Exercise:
The stretch from the line with "Clubside Apartments in" through the line with "Fresh bread on shelves in bakery Royalty Free Stock Photos Fresh" in the records below: write it out exactly, and nothing else.

Recorded data:

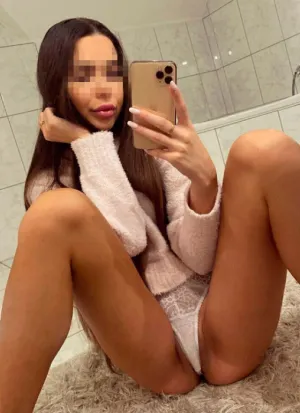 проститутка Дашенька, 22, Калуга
==
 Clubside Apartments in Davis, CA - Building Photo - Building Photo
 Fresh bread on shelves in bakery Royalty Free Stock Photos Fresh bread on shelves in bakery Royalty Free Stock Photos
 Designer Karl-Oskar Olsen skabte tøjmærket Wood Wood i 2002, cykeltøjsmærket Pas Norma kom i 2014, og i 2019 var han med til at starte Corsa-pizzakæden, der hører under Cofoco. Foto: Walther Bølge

Exercise answer:
 Clubside Apartments in Davis, CA - Building Photo - Building Photo
 Fresh bread on shelves in bakery Royalty Free Stock Photos Fresh bread on shelves in bakery Royalty Free Stock Photos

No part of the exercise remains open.